* _WHAT NEEDS TO BE DONE_: Repeat every line from the line containing "2104 Pauline Boulevard, 305, Ann" to the end of the data, exactly. Leave the pictures out.

BEGIN INFORMATION SHOWN

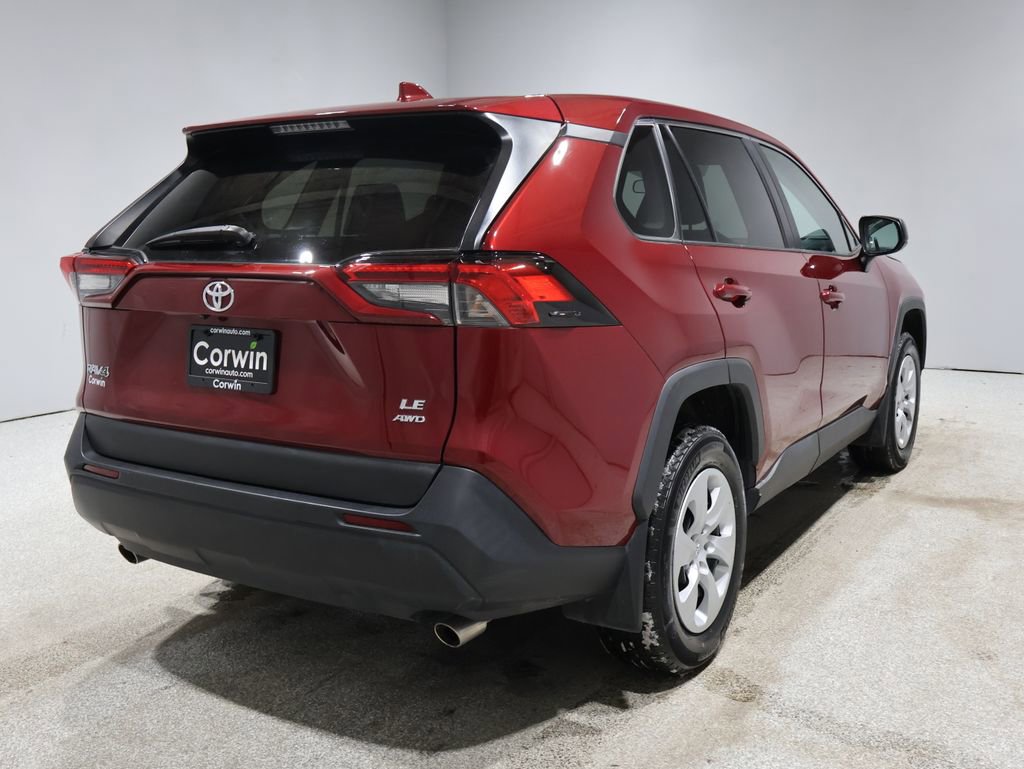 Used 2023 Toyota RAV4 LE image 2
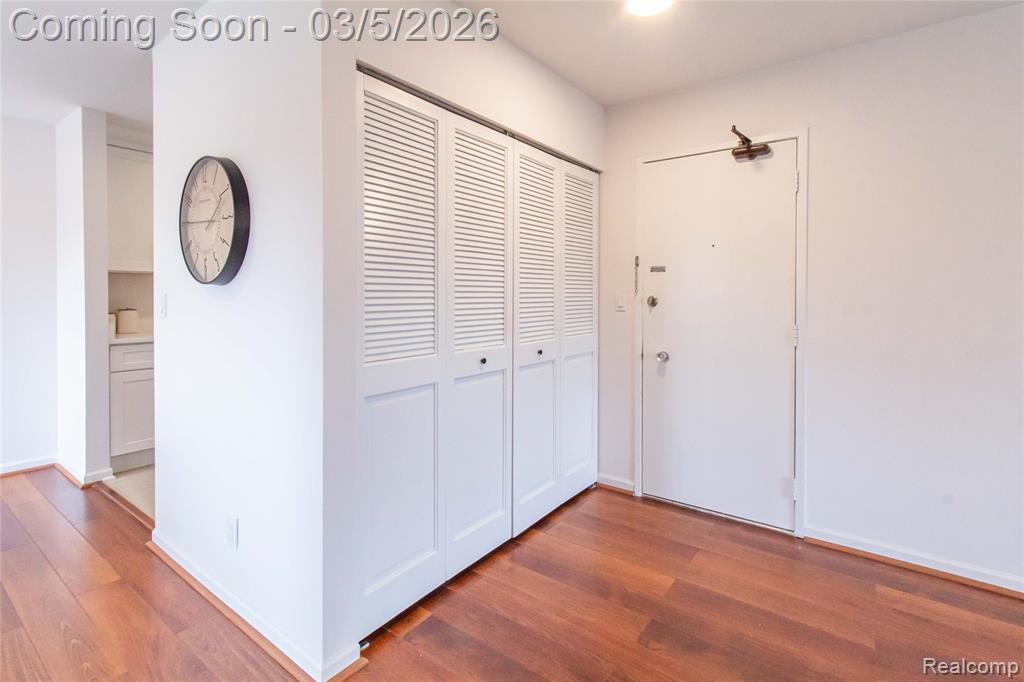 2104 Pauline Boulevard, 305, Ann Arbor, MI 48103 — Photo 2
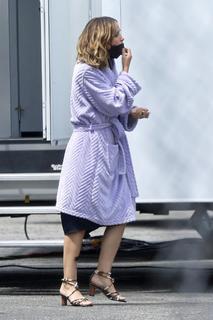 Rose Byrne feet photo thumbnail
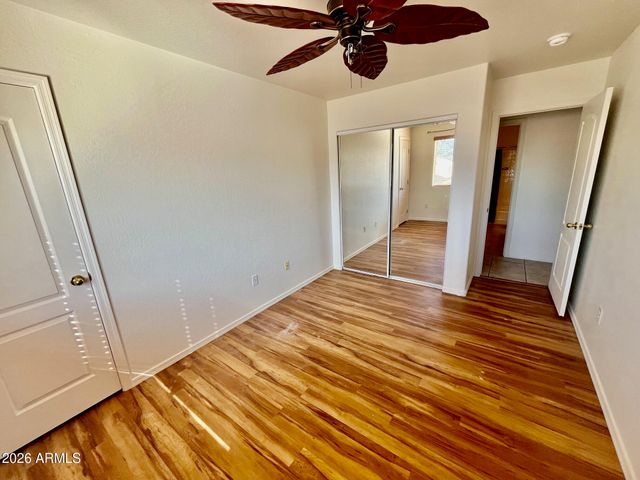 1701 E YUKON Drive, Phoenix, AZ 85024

END INFORMATION SHOWN

* _TASK SOLUTION_:
 2104 Pauline Boulevard, 305, Ann Arbor, MI 48103 — Photo 2
 Rose Byrne feet photo thumbnail
 1701 E YUKON Drive, Phoenix, AZ 85024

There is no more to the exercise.